There’s a reason why I feel that a preponderance of films is not necessarily good for a director, but Takahata’s career illustrates why. It might feel more ego-inflationary to boast of having directed and created more films, but you’d substantially be giving less to your audience. Some have tried and succeeded in preponderance – Fassbinder made nearly 44 television and full features in 15 years. The ones that we remember today are Ali, Marriage of Maria Braun, and Berlin Alexanderplatz amongst a few others. As appealing as it might be, the idea of being able to deliver surreal experiences with little to no time is rooted in impracticality. Directors too are bound to the exigencies of the human body. Some might say being a perfectionist compromises realization, and I’d largely agree. But trying to be a perfectionist is much better than categorically rejecting it. Take Takahata and you’d be able to see what I mean by it. He put Ghibli on the map with Grave of the Fireflies and 3 years after, followed it up with Only Yesterday, Pom Poko, and My Neighbors The Yamadas. Each film was screened 3 years after its predecessor and then Takahata hit the brakes. He devoted all his time to finding his crew and being meticulous with Kaguya’s specifics. As the twilight of his career downed the curtains, his greatest gifts were his first and last film. The middle children became fringe, though not through faults of their own, but purely because of how fastidious Takahata was with the first and the last. When asked if he’d make another after Princess Kaguya, he said that though mentally willing, his scrupulousness won’t allow him that luxury. Rightly so, because the qualities of your sensibilities take flight only when a year or two begets half the storyboard. It shows that you’ve belaboured with your wits to either include or exclude certain moments.
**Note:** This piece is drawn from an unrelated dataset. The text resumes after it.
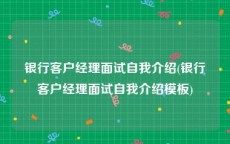 银行客户经理面试自我介绍(银行客户经理面试自我介绍模板)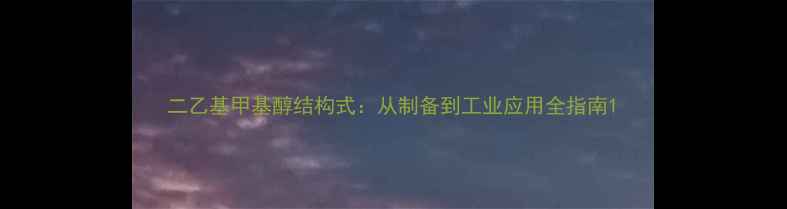 图片 二乙基甲基醇结构式：从制备到工业应用全指南1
I shall return to Takahata’s much-loved pedantry with Grave of the Fireflies later this month. Until then, I’ll be doing a detour to finish my journeys with Ray, Kurosawa, and Bergman. But for what it is, The Tale of the Princess Kaguya does the rarest of all feats – it turns back the clock, drenches you with cloudy drips of memory, and hands you life’s most valuable lesson – appreciate suffering and grief, else joy would seem as languid as the clouds that cloak the moon.